This morning I attended a breakfast sponsored by the Two Percent Club at the Denver Country Club.  The Two Percent Club is an organization actively promoting business involvement in the community.  Their website states: “The member companies of the 2% Club consist of a wide range of industry representation and include every size of business, from sole proprietors to the largest employers. They have supported hundreds of Denver nonprofits with donations, employee volunteers, in-kind support and pro bono services. These leaders encourage and demonstrate business involvement in the community through their support of philanthropic efforts within their own companies, through their own personal commitment and through their leadership and encouragement of others.  We encourage you to get involved—-it’s just good business.”

While we ate our breakfast, each of the six round tables discussed 11 questions concerning community involvement.  They were great questions – I suggest you take a minute and think about the answers to them from your own perspective.

  1. Have you arm twisted your vendors or suppliers to get them involved in the community?  How did that work for you?
  2. Are government projects and iniatives appropriately steering resources to causes or are they taking funds away from other community groups and causes?
  3. Has your company tied your community efforts back to business goals?  If so, how?  Any cause related marketing projects?
  4. How do you find time for community efforts – for yourself or your company/employees?
  5. What impact is the economic situation having on your giving now or in the future?  What about the overall impact on the nonprofits and the community?
  6. Is it OK to self-promote your community efforts, or is that being disingenuous?
  7. Do you measure your community efforts?  If so, how?
  8. Are your employees involved?  What impact does that have on morale/productivity?
  9. Is it good to have a narrow communtiy focus or more of a broad-based focus?
  10. Is it appropriate for nonprofits to be invovled in political issues?
  11. Black-tie dinners-enough?  Or bring ’em on?  Alternatives?
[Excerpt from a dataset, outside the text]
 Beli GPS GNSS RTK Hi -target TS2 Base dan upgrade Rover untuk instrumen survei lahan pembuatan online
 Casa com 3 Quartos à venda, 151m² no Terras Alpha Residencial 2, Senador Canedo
The keynote speaker for the event was Peter Coors.  Peter currently is Vice-Chairman of the Board of the Molson Coors Brewing Company.  He previously served as Chairman of the Board of Adolph Coors Company since 2002, and was Chief Executive Officer from May 2000 to July 2002. Peter talked about the unique philosophy we have in the United States concerning citizen (and business) involvement in philanthropy as compared to many other countries where the government is expected to provide all needed servcies in communities.  He talked about business philanthropy being not an obligation for companies as no one is making us do it – rather he feels it is the right thing to do and makes good business sense.  People want to do business with people they think care.

Peter highlighted eight things for companies to remember when engaged in community involvement.

  1. Keep your corporate hat on when working with nonprofits – bring business thinking to addressing community issues.
  2. Encourage nonprofits to measure their results and business can help with that.
  3. Help nonprofits measure their effectiveness using both quantitative approaches while also focusing on the harder to measure feel good factor.
  4. Offer in-kind resources
  5. Encourage employees and their families to get involved in community projects.  Encourage them to have the same giving philosophy as the business’ leaders.
  6. Effectively use your business leverage to make things happen.
  7. Be creative, shake up the status quo and look at things differently especially during tough economic times when dollars available have diminished – right now by 40%!!
  8. Never doubt the Power of One!  Adopt one school, mentor one child, help one neighborhood.  One person or one business – can make a difference.

It great to have been invited to participate in this event and meet leading local business people who are so committed to supporting their local communities.  The Two Percent Club has a new website and is now actively looking to engage even more businesses as part of its membership.  I am glad to be a member!